Materials and Methods

Primary Culture of Rat Cortical Neurons

Ten one-day-old Sprague-Dawley rats were purchased from the Department of Animal Experiments and all experimental protocols were carried out with the approval of the Animal Experimental Committee, Chongqing Medical University. Cortical neurons were cultured using a modified method reported by Redmond et al[13]. Briefly, the meninges and blood vessels were removed from the cerebral cortices and then were minced. The tissues were incubated with 0.125% trypsin for 30 min at 37°C, neutralized, and triturated by a Pasteur pipette. Huge particles were eliminated before neurons were seeded on poly-L-lysine precoated plates with DMEM/F12 containing 10% fetal bovine serum (FBS, Gibco, Gaithersburg, MD, USA) at a density of 3 × 10[5] cells/cm2 and cultivated in humidified atmosphere of 95% air/5% CO2 at 37°C. After cell attachment, the medium was changed to a neurobasal medium (Gibco, Gaithersburg, MD, USA) containing 2% B27 (Gibco) and 0.5 mM glutamine, and then the medium was changed every day.
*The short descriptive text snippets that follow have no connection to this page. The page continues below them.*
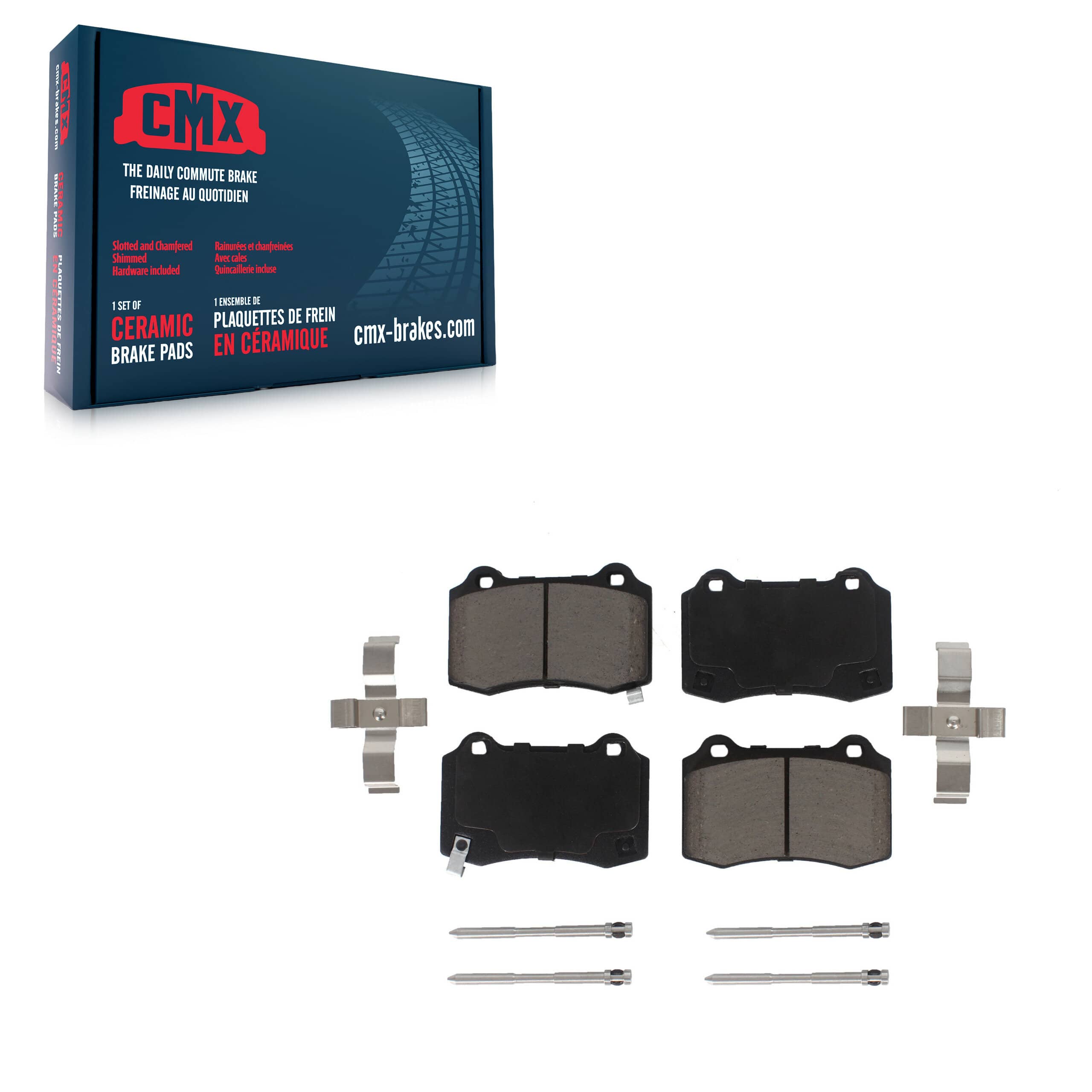 CMX - CMX-D1428 - Rear Disc Brake Pad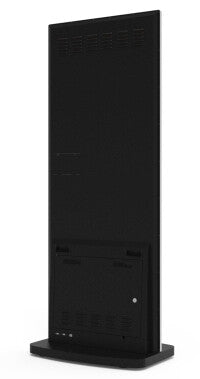 L55HD9B 55" Android Freestanding Digital Poster, Black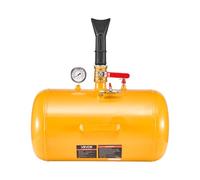 VEVOR Canon à Air 37,9 L, Booster de Pneu avec Pression de Service 0,6-0,8 MPa, Gonfleur Pneumatique de Pneu pour Pick-up, Camion, VTT, Jeep, Fourgonnette, Tracteur Tondeuse, Camping-Car, Jaune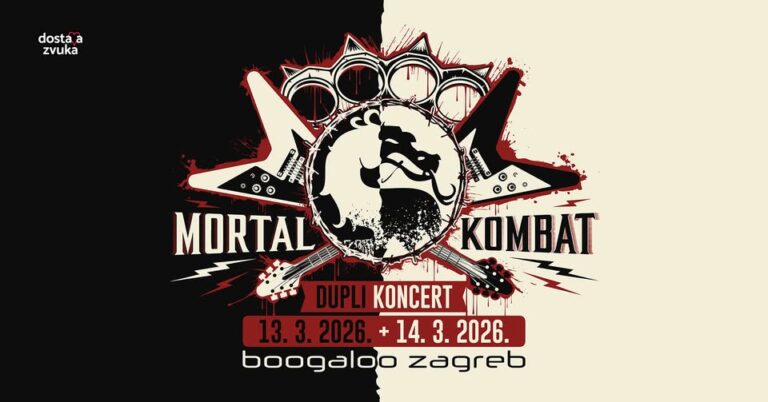 MORTAL KOMBAT, Boogaloo Zagreb, 13-14.3.2026
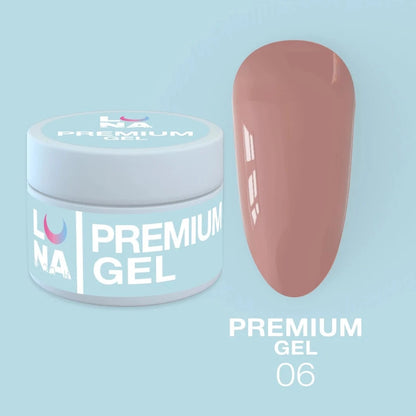 GEL PREMIUM #6 (15/ 30ML) - LUNA™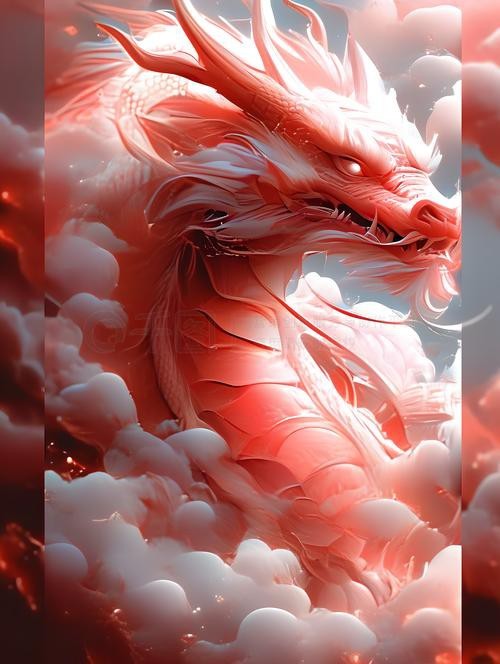 紅龍圖片中哪張最霸氣？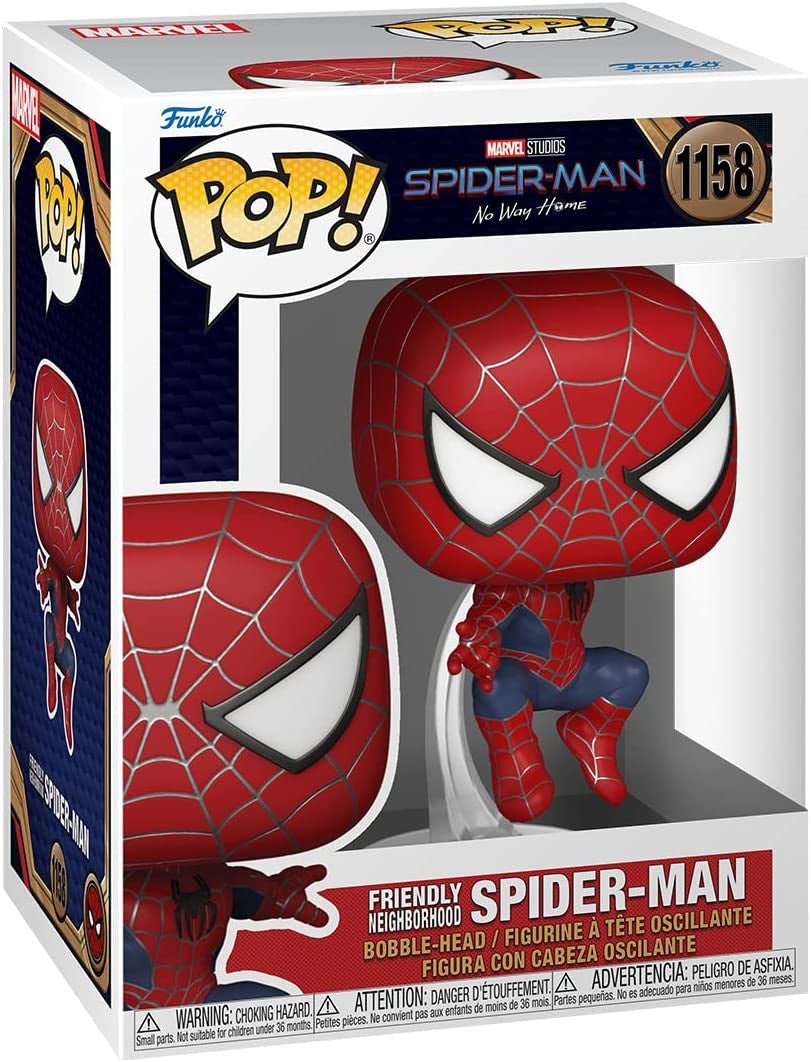 Pop! Marvel: Spider-Man: No Way Home - Friendly Neighborhood Spider-Man - LOW&BEHOLD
Arabinosylcytosine (5 μg/ml) was added on the third day after incubation to prevent the growth of non-neuronal cells. Cells were used for experiments on the seventh day of culture.

Oxygen and Glucose Deprivation/Reoxygenation

The OGD/R model in vitro was set up as described previously[14]. After washing the cells twice with D-Hanks solution (Hyclone, Los Angeles, USA), neurons were cultured with D-Hanks solution and placed into an incubator filled with anaerobic gas mixture (95% N2 and 5% CO2) at 37°C for 150 min. During reoxygenation, the D-Hanks solution was replaced with neurobasal medium containing 2% B27, and cultures were placed in an incubator under 95% air/5% CO2 for 24 h[14].

Drug Treatment

To examine the best effect concentration of resveratrol, three groups were studied: (1) normal group (Nor) – neurons were cultured in neuron culture medium without OGD/R; (2) model group (Mod) – cells were treated with neuron medium containing ethanol (volume fraction 1.3%) for 24 h before OGD/R; (3) resveratrol treatment group (Res) – cells were maintained in complete medium containing different concentrations (10 μmol/L, 20 μmol/L, 40 μmol/L, 60 μmol/L, and 80 μmol/L) of resveratrol (purity 99%; Shanxi Ciyuan Biotech, China) for 24 h before OGD/R. The best effect was observed with a concentration of 40 μmol/L resveratrol, and thus 40 μmol/L resveratrol was used for further study.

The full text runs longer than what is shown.